» **Task**
Copy nothing but the lines below, from the one with "Man with dark" through the one with "A lovely spread", exactly as written; no pictures should appear.
Data extracts below:
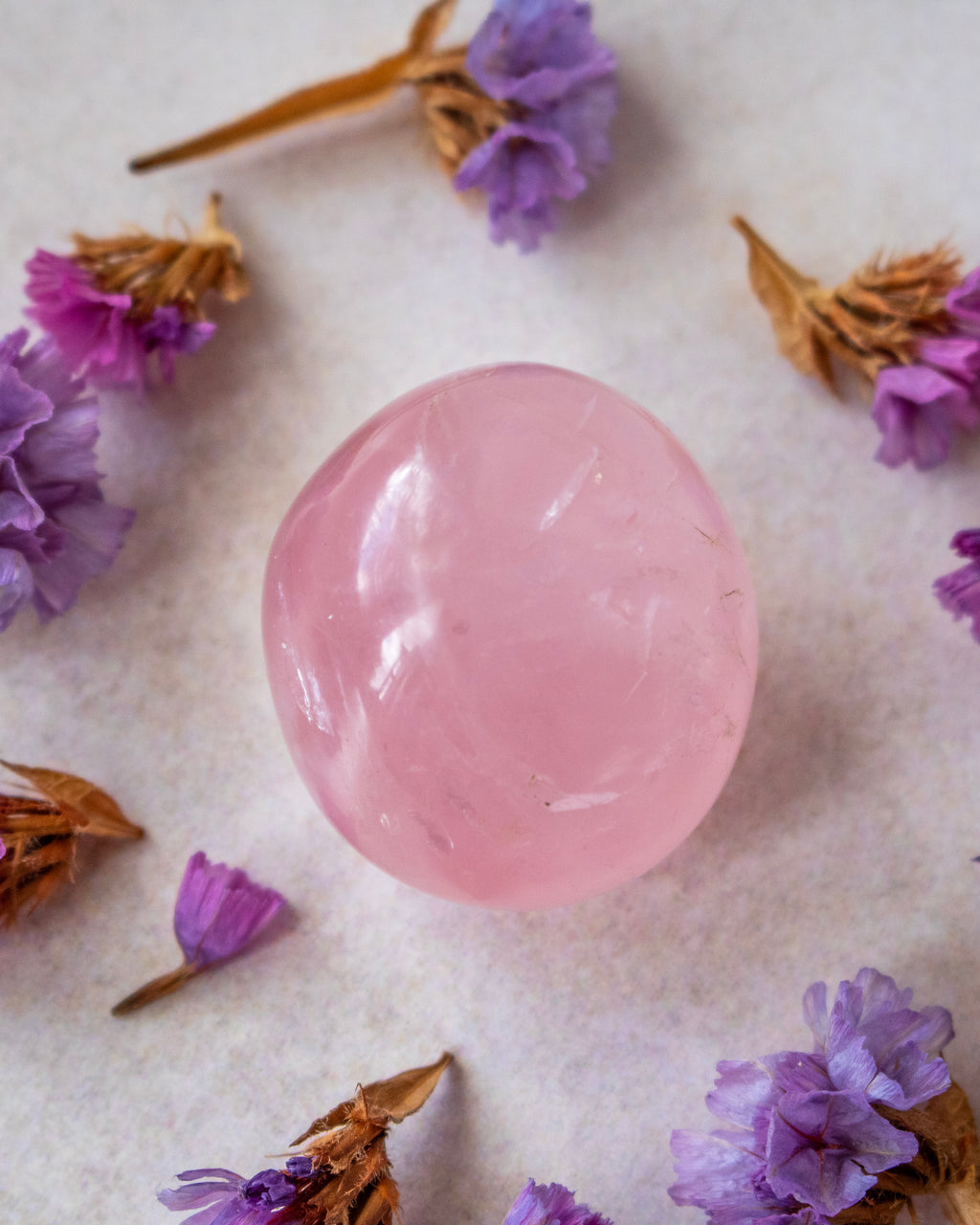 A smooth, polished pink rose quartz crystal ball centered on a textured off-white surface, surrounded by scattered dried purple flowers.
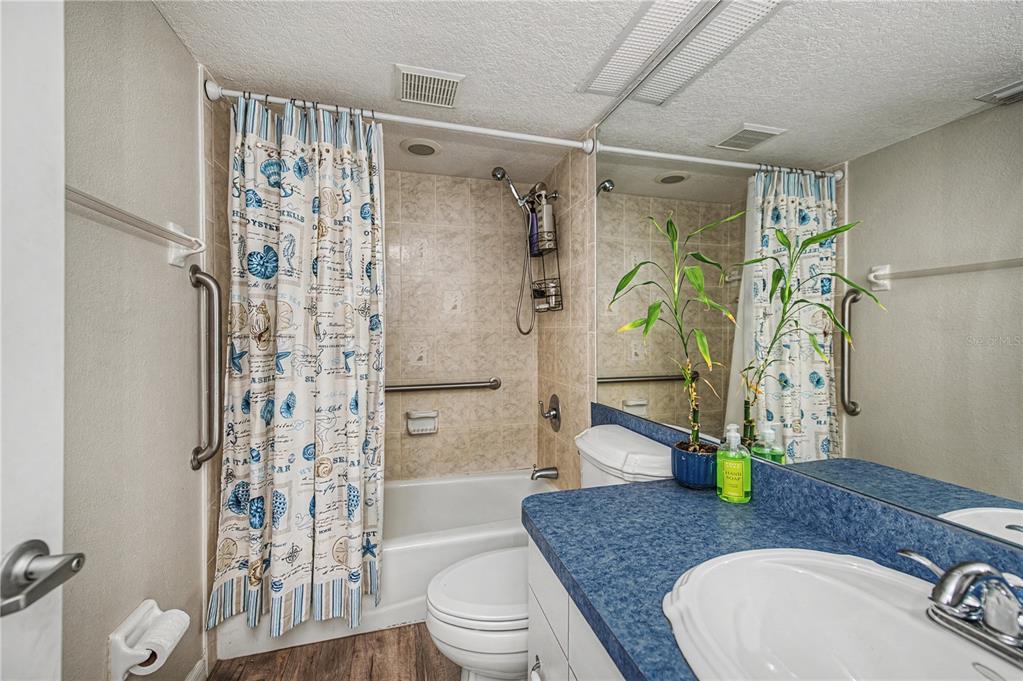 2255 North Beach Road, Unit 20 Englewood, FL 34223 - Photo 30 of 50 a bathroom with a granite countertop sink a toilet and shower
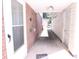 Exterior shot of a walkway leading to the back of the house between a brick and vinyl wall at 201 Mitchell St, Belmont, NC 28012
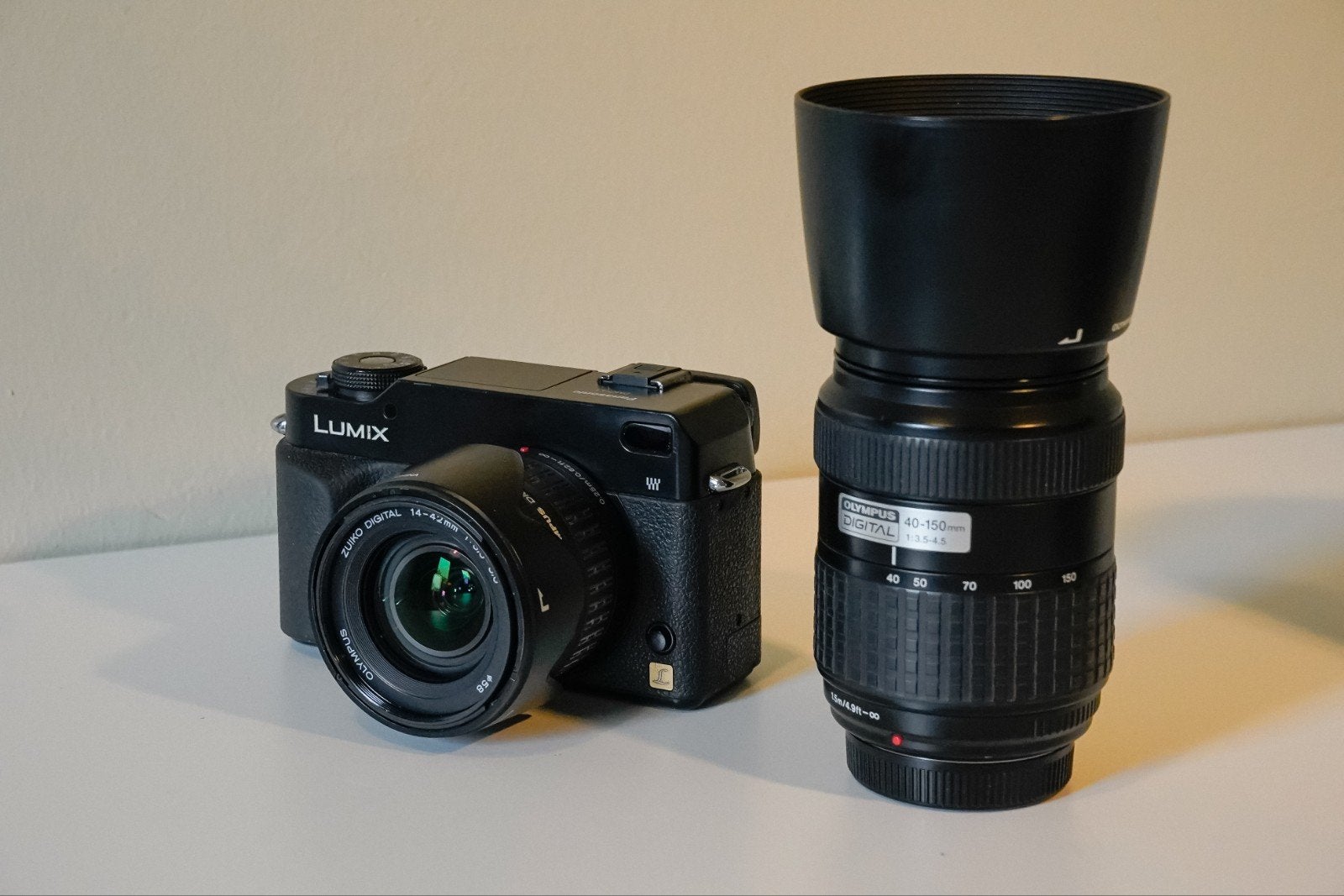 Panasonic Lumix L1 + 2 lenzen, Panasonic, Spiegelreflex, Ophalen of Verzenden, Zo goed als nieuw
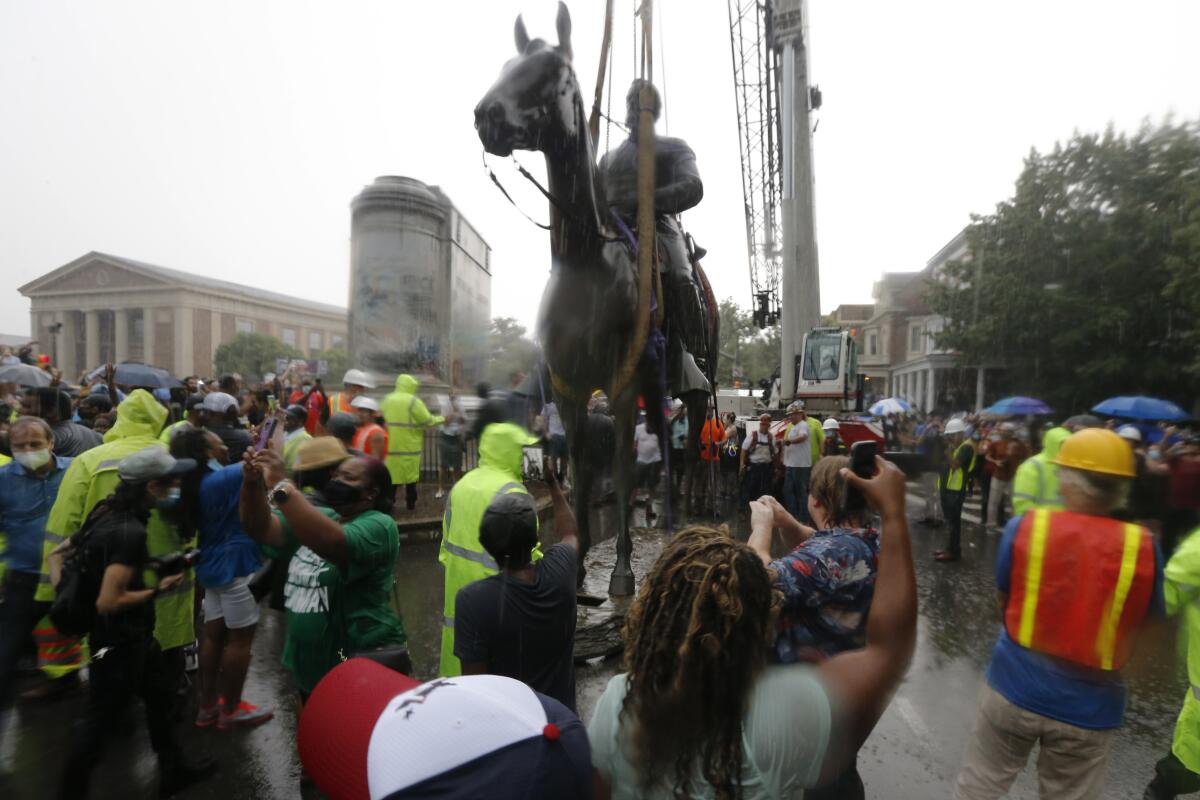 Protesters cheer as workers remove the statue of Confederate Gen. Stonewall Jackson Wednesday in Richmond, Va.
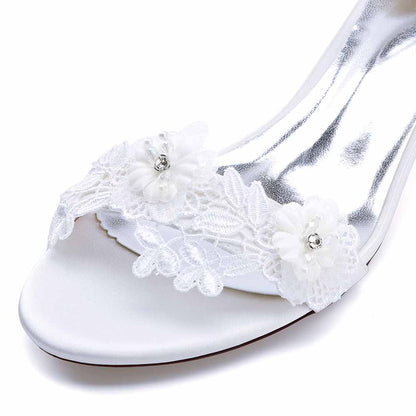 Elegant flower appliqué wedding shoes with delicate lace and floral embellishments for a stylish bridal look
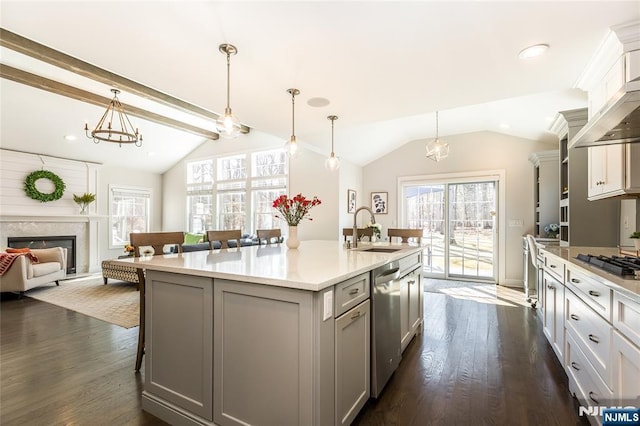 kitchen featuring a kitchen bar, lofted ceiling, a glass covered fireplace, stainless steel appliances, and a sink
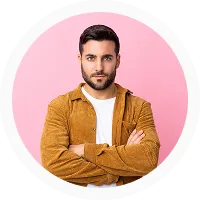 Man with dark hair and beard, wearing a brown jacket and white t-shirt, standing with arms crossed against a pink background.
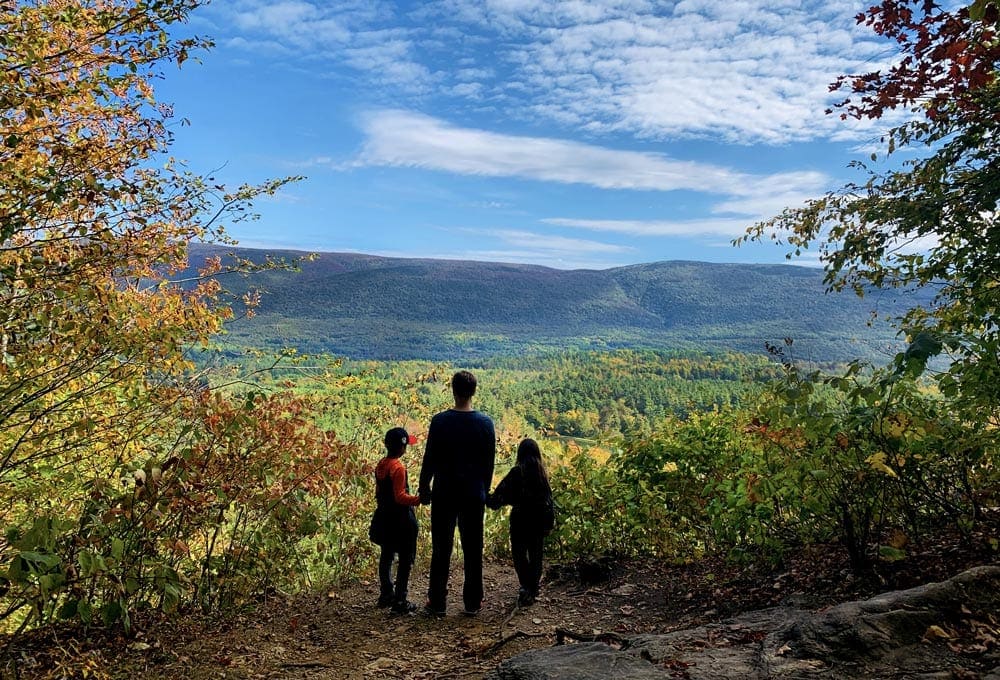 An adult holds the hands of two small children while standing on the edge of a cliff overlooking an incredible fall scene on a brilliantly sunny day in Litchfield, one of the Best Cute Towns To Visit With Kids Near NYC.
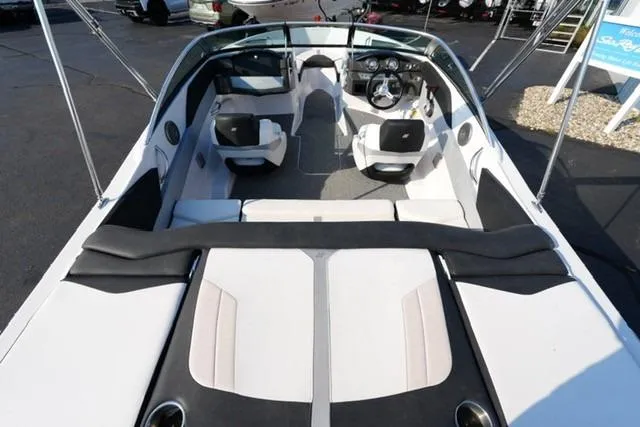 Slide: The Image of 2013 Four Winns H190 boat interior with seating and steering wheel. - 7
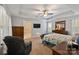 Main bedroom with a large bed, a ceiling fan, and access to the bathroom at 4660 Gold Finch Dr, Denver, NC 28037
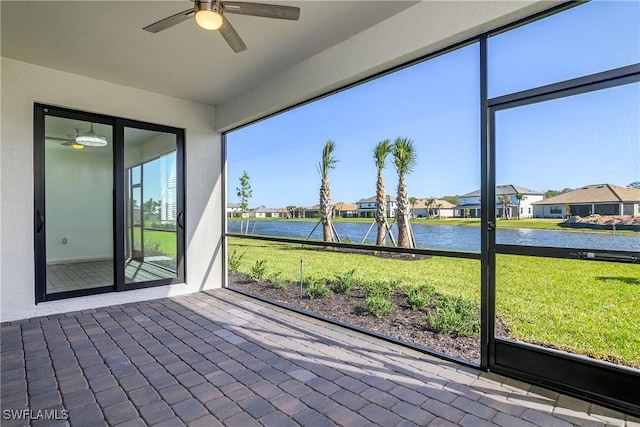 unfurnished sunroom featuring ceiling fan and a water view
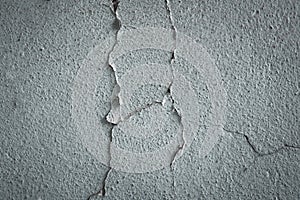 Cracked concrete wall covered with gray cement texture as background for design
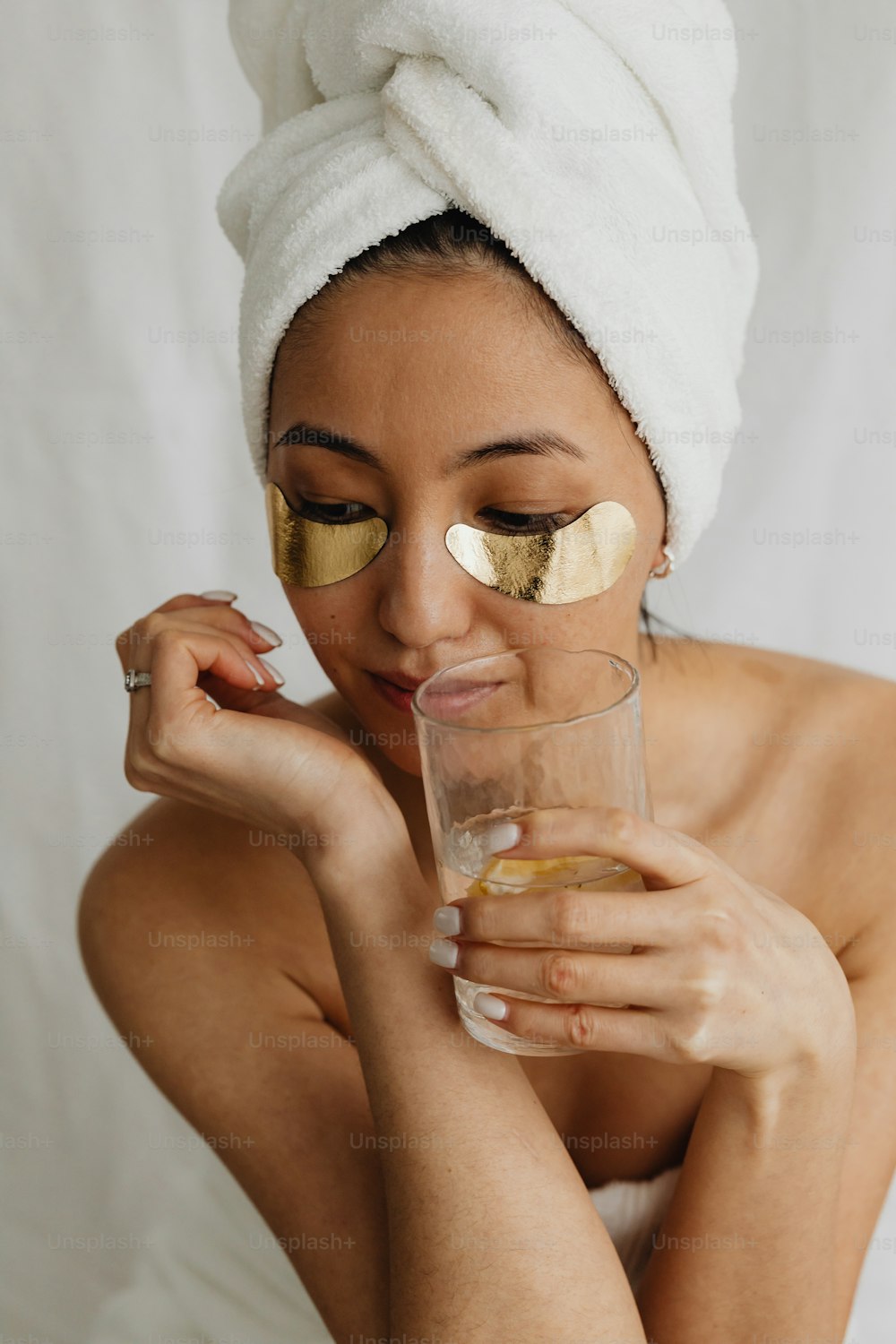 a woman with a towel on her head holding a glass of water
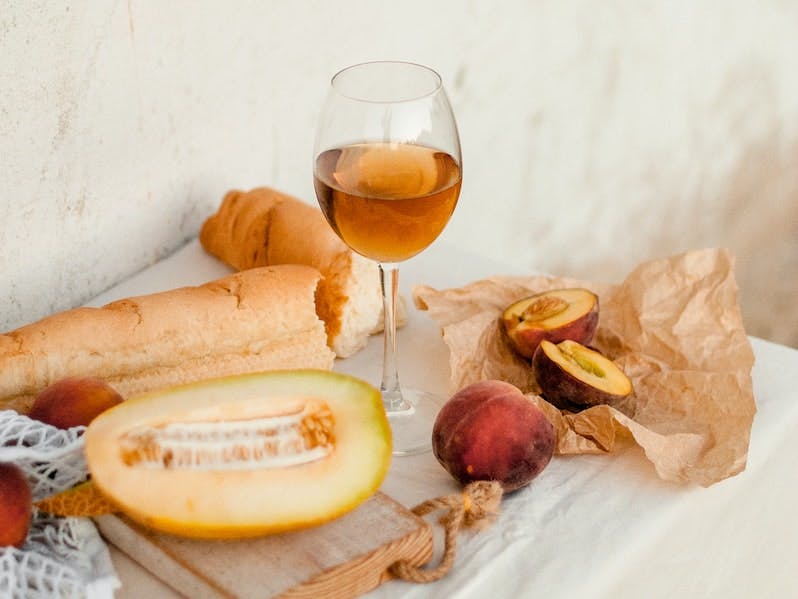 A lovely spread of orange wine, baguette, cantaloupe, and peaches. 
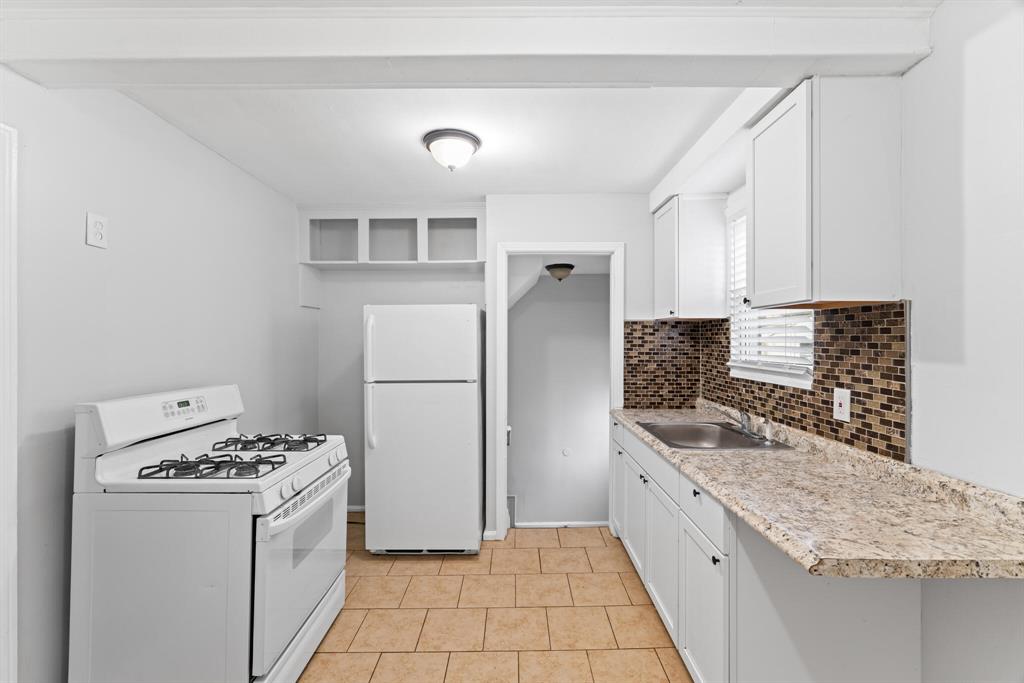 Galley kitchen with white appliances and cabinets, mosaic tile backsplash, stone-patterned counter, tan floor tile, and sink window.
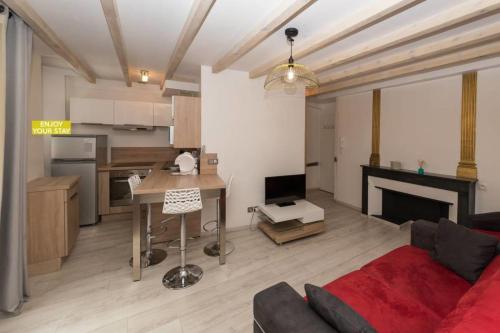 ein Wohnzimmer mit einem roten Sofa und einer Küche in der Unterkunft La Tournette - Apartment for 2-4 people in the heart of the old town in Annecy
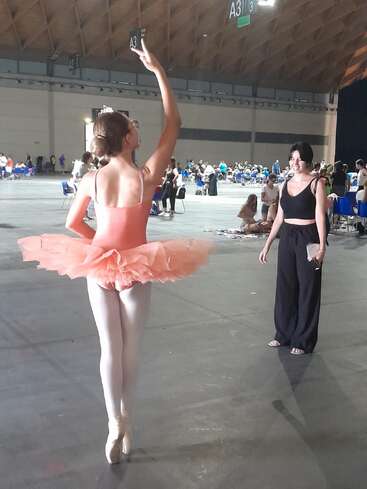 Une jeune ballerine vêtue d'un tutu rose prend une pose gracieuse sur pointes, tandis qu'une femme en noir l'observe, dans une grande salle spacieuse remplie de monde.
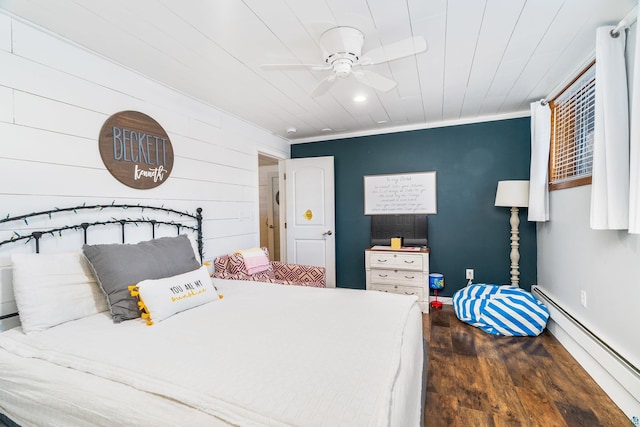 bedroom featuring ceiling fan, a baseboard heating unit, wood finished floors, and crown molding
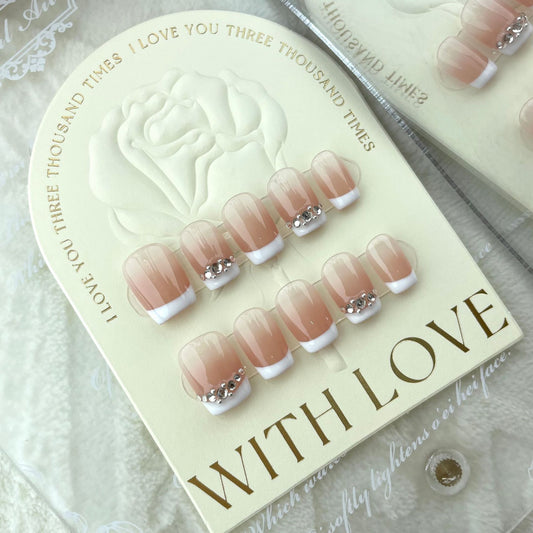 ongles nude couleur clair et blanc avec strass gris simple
End of Data extracts.
» **Task answer**
 Man with dark hair and beard, wearing a brown jacket and white t-shirt, standing with arms crossed against a pink background.
 An adult holds the hands of two small children while standing on the edge of a cliff overlooking an incredible fall scene on a brilliantly sunny day in Litchfield, one of the Best Cute Towns To Visit With Kids Near NYC.
 Slide: The Image of 2013 Four Winns H190 boat interior with seating and steering wheel. - 7
 Main bedroom with a large bed, a ceiling fan, and access to the bathroom at 4660 Gold Finch Dr, Denver, NC 28037
 unfurnished sunroom featuring ceiling fan and a water view
 Cracked concrete wall covered with gray cement texture as background for design
 a woman with a towel on her head holding a glass of water
 A lovely spread of orange wine, baguette, cantaloupe, and peaches. 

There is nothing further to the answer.